Interestingly, just as the Sabbath school lessons in 1883 had prompted her first volume on the life of Paul, so it was the scheduled study of the book of Acts for the 1911 lessons that urged forward the completion of her revised edition.
 
W. C. White described how Ellen White’s assistants first took about five months hunting up what she had written on the life and teachings of the apostles before organizing the selections into chapters. “Day by day” the manuscripts were given to Mrs. White for reading, “and she marked the manuscripts freely, interlining and adding words, phrases, and sentences to make the statements more clear and forceful.” He noted, “Mother would frequently give us instruction regarding points of importance and which she knew she had written and which she wished us to take special pains to search for in her writings.”5
 
Bringing It Together
Knowing that the book couldn’t be completed in time for the start of the lessons, Ellen White’s staff submitted appropriate articles to the church papers, drawn from the “work in progress.”
 
Writing to her son W. C. White in mid-February 1911, Ellen White outlined her hopes about the book’s spiritual impact on its readers:
 
“Since you left, I have been very fully employed in the preparation of matter for the ‘Life of Paul.’ We are trying to bring out scriptural evidences of truth, and these, we believe, will be appreciated by our people. I have been anxious to bring into this book much matter that will be of special help to our workers who may be called upon to pass through experiences similar to those that came to the early Christian church. There is, in the history of the Acts of the Apostles, much that, if appropriated in the daily life, will inspire our brethren and sisters with a desire to seek for a higher spiritual life and for greater power, and for wisdom to cooperate with heavenly intelligences in the salvation of souls.”6
 
Correspondence throughout 1911 reveals steady progress on the manuscript and Ellen White’s excitement as it neared completion. “Recently I have been very much occupied in the work of closing up my book on the Acts of the Apostles,” she wrote to her granddaughter Mabel in September. “I think that my part of this work is about finished.”7 On October 6 she was able to write to Elder Haskell, “My book The Acts of the Apostles has gone to the press,”8 and six weeks later her first copy from the printers was in her hands.
 
The narrative of God’s people in the first century can inspire us to emulate their courage and confidence in God’s faithfulness as tumultuous events escalate around our planet. If you haven’t read this powerful volume recently, reacquaint yourself with its message. Ellen White’s birthday gift to the church—The Acts of the Apostles—has turned 100 years old this year, but the story of what the Holy Spirit can do through fully-surrendered hearts continues anew each day.
 
1 Signs of the Times, Feb. 22, 1883, p. 96.

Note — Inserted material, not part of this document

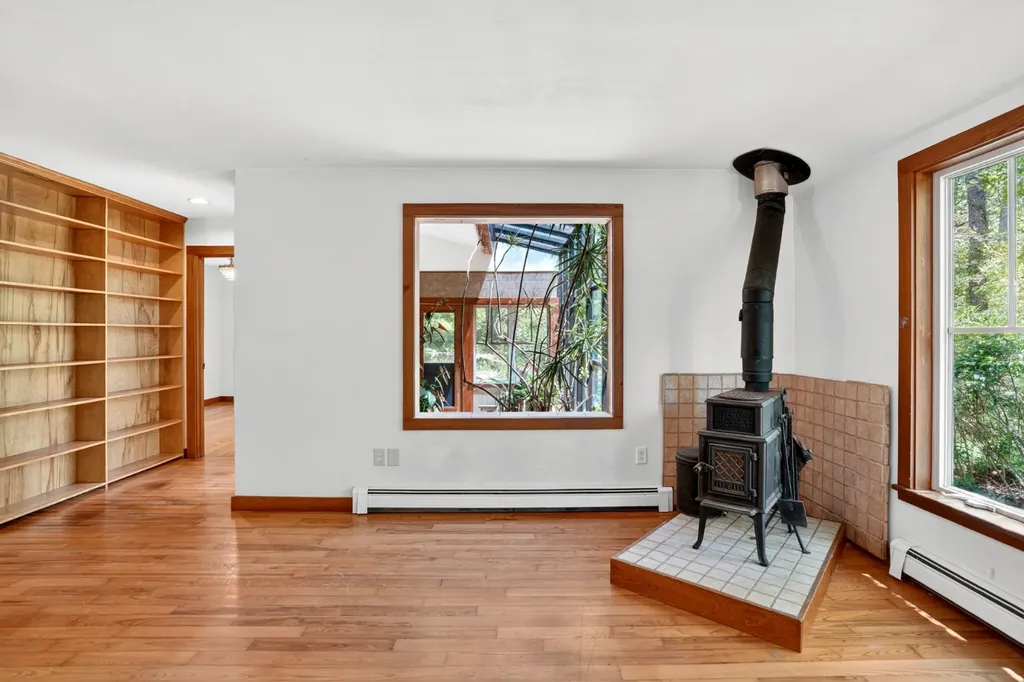 4 Rock Pond Road West Tisbury MA 02575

2 W. C. White, “Brief Statem‑ents Regarding the Writings of Ellen G. White,” pp. 9, 10.
3 Roughly a third of the preexisting material was drawn from Ellen White’s Spirit of Prophecy, vol. 3, published in 1878 (paralleled in her Redemption series, numbers 7 and 8).
4 W. C. White to F. M. Wilcox, Apr. 1, 1917. Some have falsely alleged that the book was not reprinted in order to avoid a threatened lawsuit by the publishers of Conybeare and Howson’s work, since Ellen White had made use of their popular work in preparing her manuscript.  The book’s publishers, however, denied any knowledge of such an objection—or even the possibility of a legal complaint—since the edition they published was not copyrighted.
5 W. C. White to L. R. Conradi, Dec. 8, 1911.  For additional background on the book’s preparation, see Arthur L. White, Ellen G. White: The Later Elmshaven Years, 1905-1915, pp. 340-344.
6 Ellen G. White letter 4, 1911 (to W. C. White, Feb. 15, 1911).
7 Ellen G. White letter 72, 1911 (to Mabel Workman, Sept. 18, 1911).
8 Ellen G. White letter 80, 1911 (to S. N. Haskell, Oct. 6, 1911).